FORM OF WARRANT CERTIFICATE
Agreement Legend. Each Warrant issued under this Agreement shall bear the following legend on the face thereof:
THE SECURITIES REPRESENTED BY THIS CERTIFICATE ARE SUBJECT TO A WARRANT AGREEMENT DATED AS OF MAY 15, 2009, BY AND AMONG THE ISSUER AND THE OTHER PERSONS NAMED THEREIN, AS SUCH AGREEMENT MAY BE AMENDED, RESTATED OR MODIFIED FROM TIME TO TIME, AND MAY NOT BE TRANSFERRED, SOLD, ASSIGNED, PLEDGED, HYPOTHECATED OR OTHERWISE DISPOSED OF EXCEPT IN ACCORDANCE WITH THE PROVISIONS THEREOF, AND ANY TRANSFEREE OF THESE SECURITIES SHALL BE SUBJECT TO THE TERMS OF SUCH AGREEMENT. A COPY OF SUCH AGREEMENT IS MAINTAINED WITH THE CORPORATE RECORDS OF THE ISSUER AND IS AVAILABLE FOR INSPECTION AT THE PRINCIPAL OFFICES OF THE ISSUER.

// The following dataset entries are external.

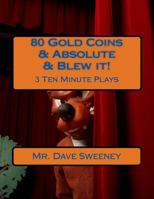 80 Gold Coins & Absolute & Blew it!: 3 Ten Minute Plays 1495466094 Book Cover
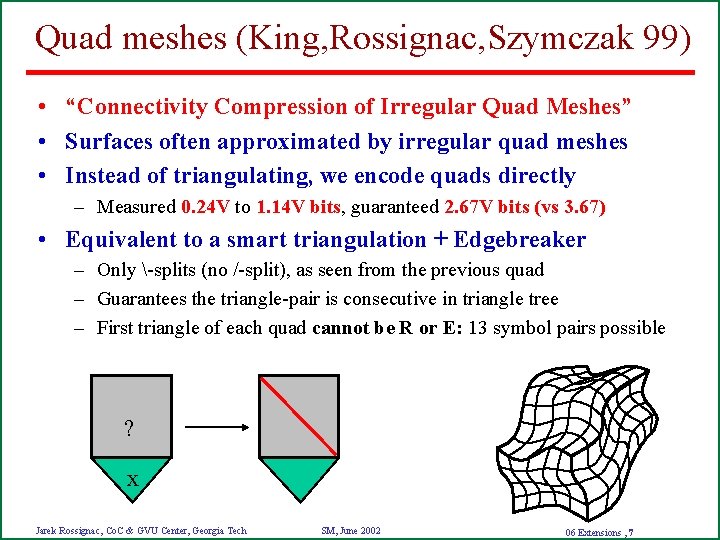 Quad meshes (King, Rossignac, Szymczak 99) • “Connectivity Compression of Irregular Quad Meshes” •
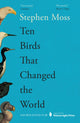 Ten Birds That Changed the World 9781783352425 Stephen Moss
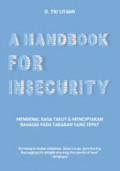 A Handbook For Insecurity : Mengenal Rasa Takut & Menciptakan Bahagia Pada Takaran Yang Tepat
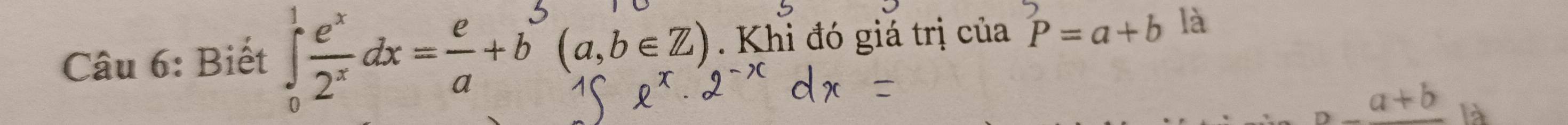 Biết =α==+b° (ab=2), . Khi đó giá trị của P=a+b là
_  a+b là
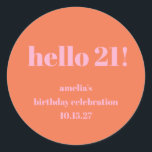 Simple Pink Orange Cute Bold 21st Birthday Custom Classic Round Sticker<br><div class="desc">Simple Pink Orange Cute Bold 21st Birthday Custom Classic Round Sticker</div>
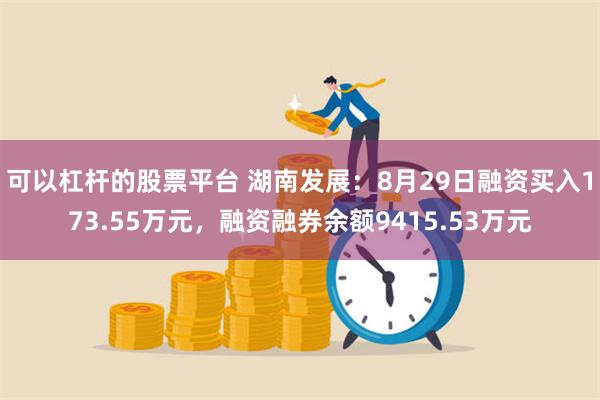 可以杠杆的股票平台 湖南发展：8月29日融资买入173.55万元，融资融券余额9415.53万元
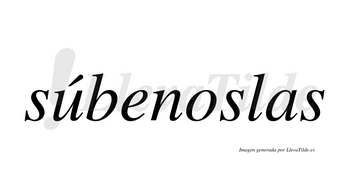 Súbenoslas  lleva tilde con vocal tónica en la «u»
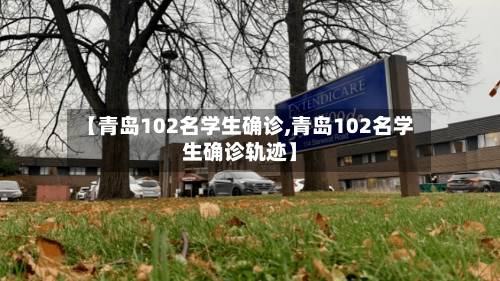 【青岛102名学生确诊,青岛102名学生确诊轨迹】
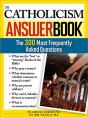 The Catholicism Answer Book - Preview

Private Placement Legend. Each Warrant issued pursuant to an exemption from the registration requirements of the Securities Act shall bear the following legend on the face thereof:
THE SECURITIES REPRESENTED BY THIS CERTIFICATE HAVE NOT BEEN REGISTERED UNDER THE SECURITIES ACT OF 1933, AS AMENDED (THE ACT), OR ANY STATE SECURITIES LAWS, AND MAY NOT BE OFFERED, SOLD OR TRANSFERRED EXCEPT PURSUANT TO (I) AN EFFECTIVE REGISTRATION STATEMENT UNDER THE ACT AND IN COMPLIANCE WITH APPLICABLE STATE SECURITIES LAWS OR (II) AN APPLICABLE EXEMPTION FROM REGISTRATION UNDER THE ACT AND UNDER APPLICABLE STATE SECURITIES LAWS AND ONLY IF THE ISSUER RECEIVES AN OPINION OF COUNSEL REASONABLY SATISFACTORY TO IT STATING THAT SUCH OFFER, SALE OR TRANSFER IS EXEMPT FROM THE REGISTRATION REQUIREMENTS OF THE ACT.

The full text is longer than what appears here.